** Action item **
Below are some records. Write out exactly their lines from the one with "Arcopal Juego 12" through the one with "VONROC Elektrische Schroevendraaier", and leave the pictures behind.

** Provided records **
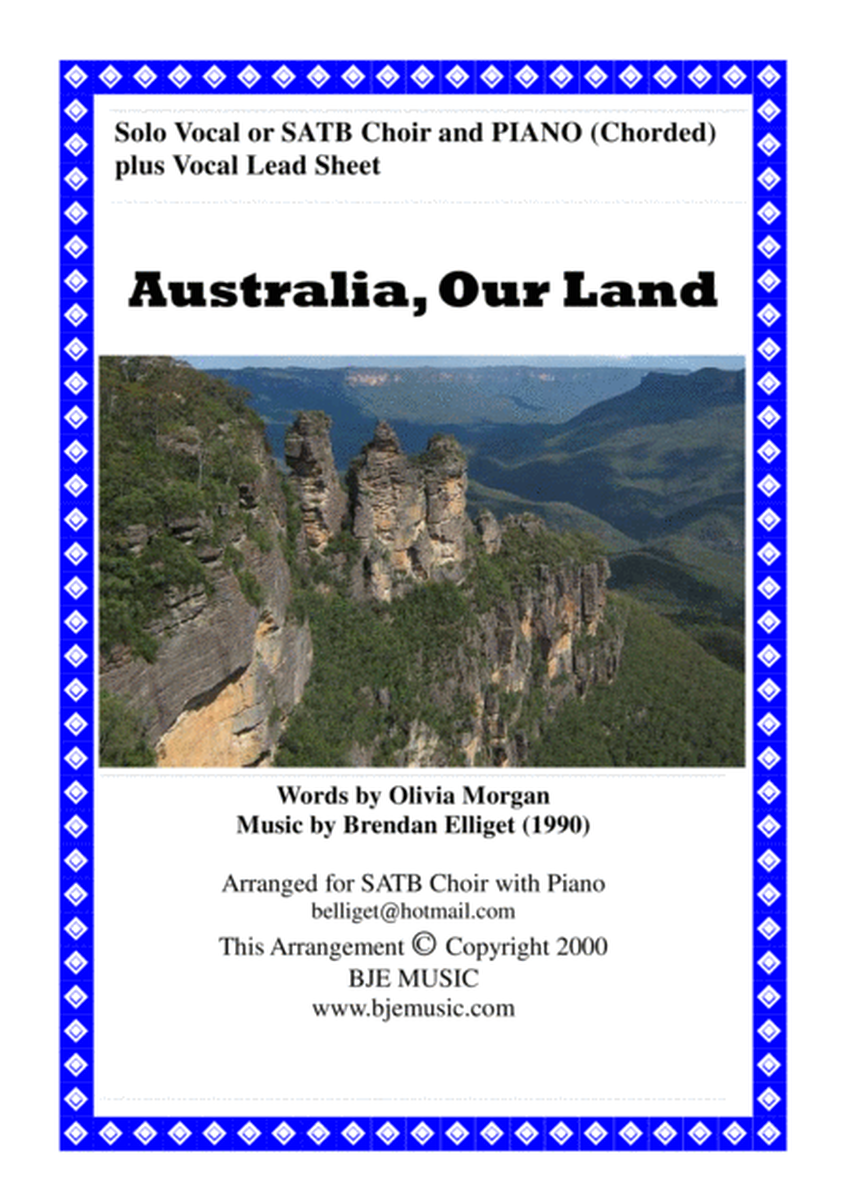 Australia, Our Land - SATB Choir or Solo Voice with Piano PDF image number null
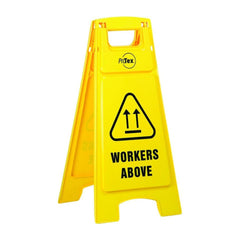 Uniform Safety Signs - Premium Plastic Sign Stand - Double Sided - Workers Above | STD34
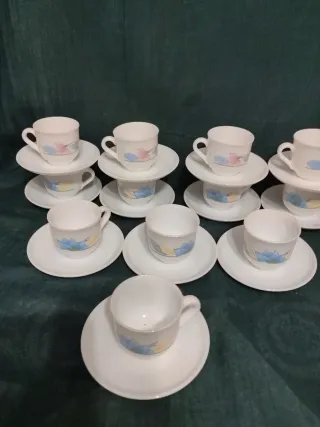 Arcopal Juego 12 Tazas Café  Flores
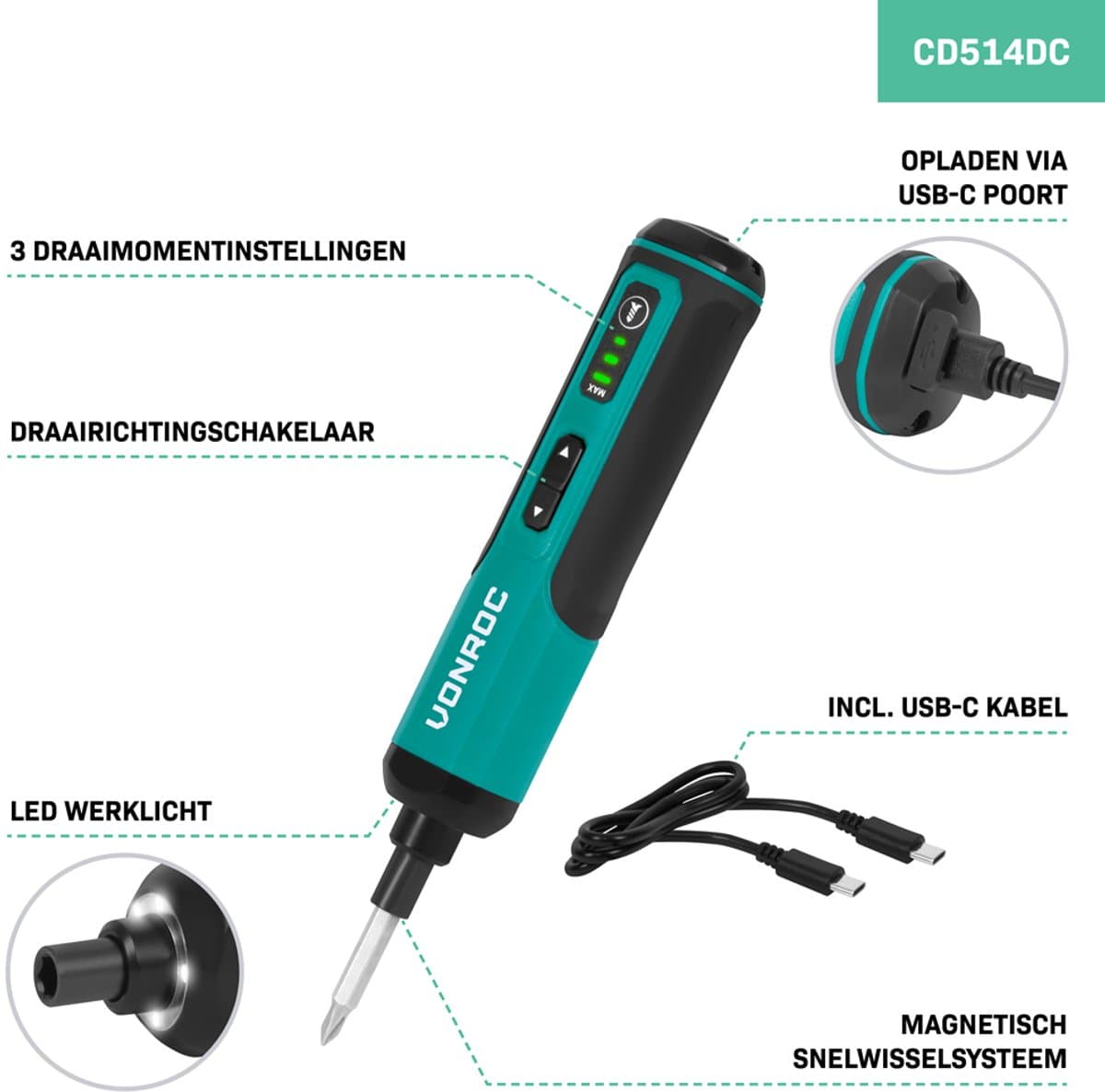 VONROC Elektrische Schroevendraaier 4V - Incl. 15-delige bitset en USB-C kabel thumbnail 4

---

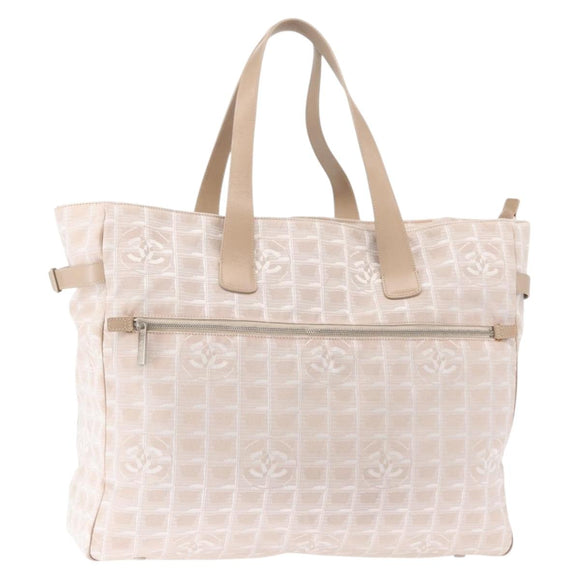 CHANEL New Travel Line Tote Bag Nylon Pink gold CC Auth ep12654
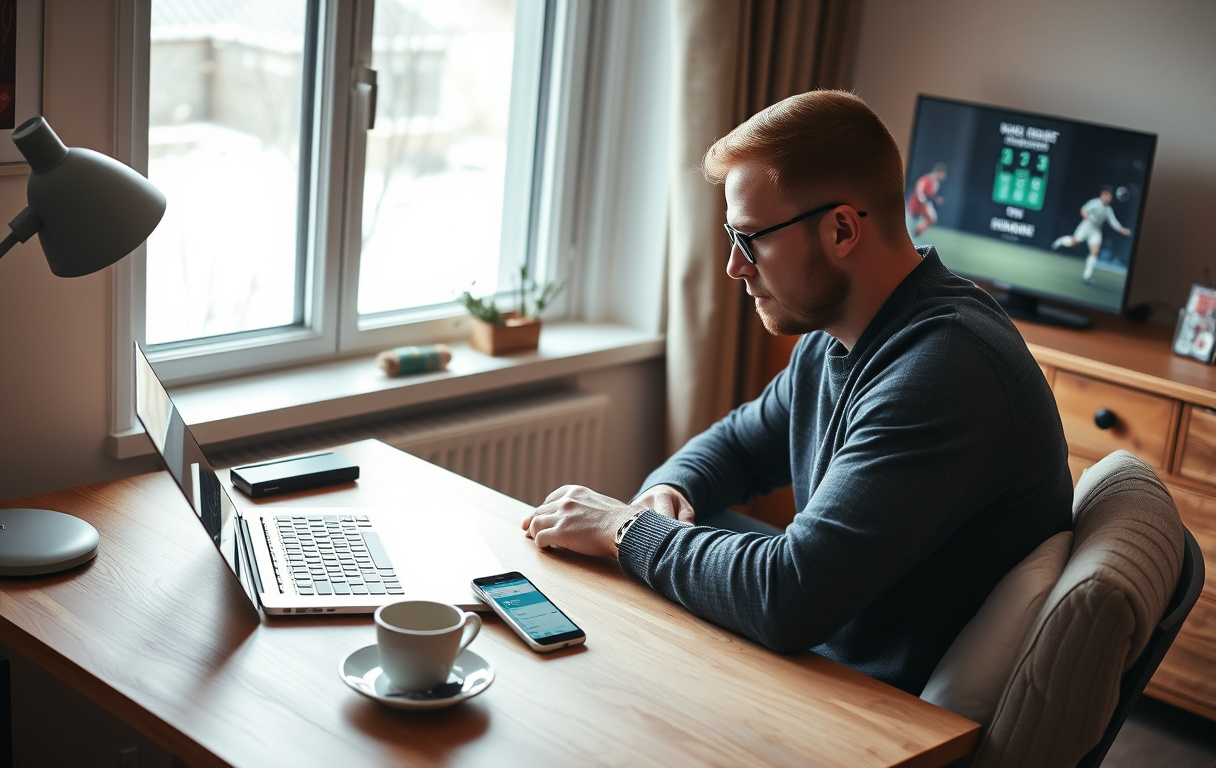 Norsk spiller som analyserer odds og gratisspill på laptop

---

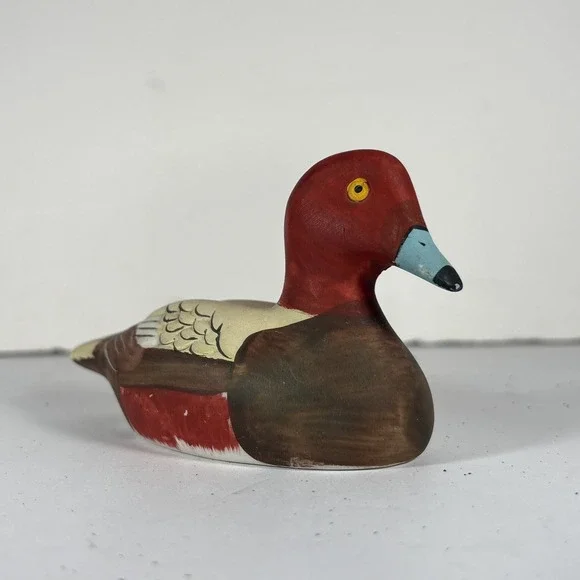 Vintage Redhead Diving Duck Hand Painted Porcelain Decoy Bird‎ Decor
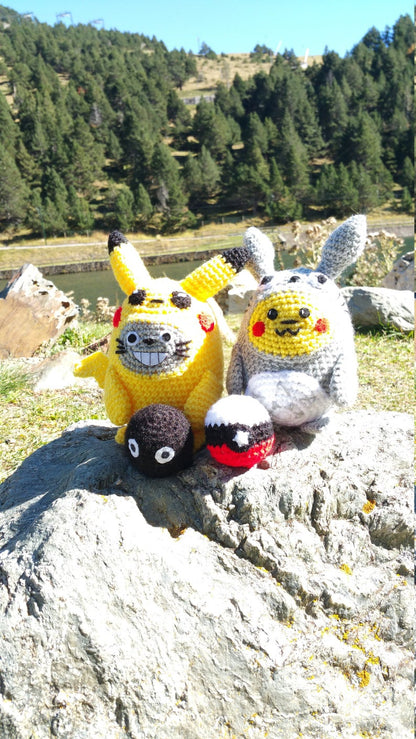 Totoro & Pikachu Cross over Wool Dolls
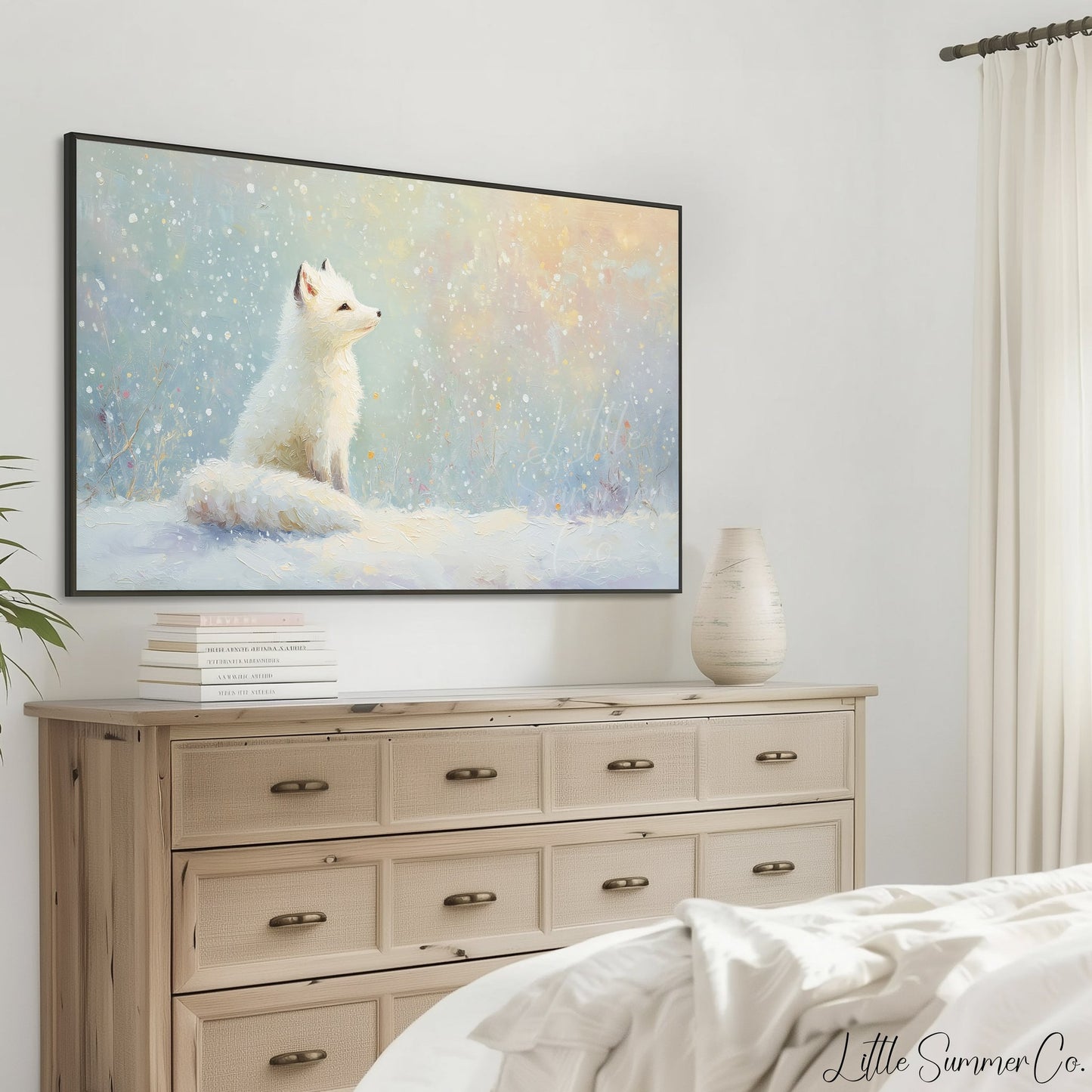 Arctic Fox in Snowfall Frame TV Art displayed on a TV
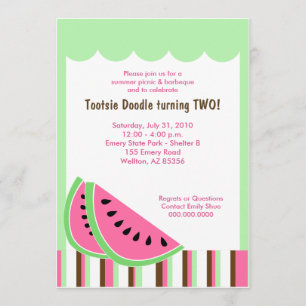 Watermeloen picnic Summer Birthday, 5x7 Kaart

** Exercise answer **
 Arcopal Juego 12 Tazas Café  Flores
 VONROC Elektrische Schroevendraaier 4V - Incl. 15-delige bitset en USB-C kabel thumbnail 4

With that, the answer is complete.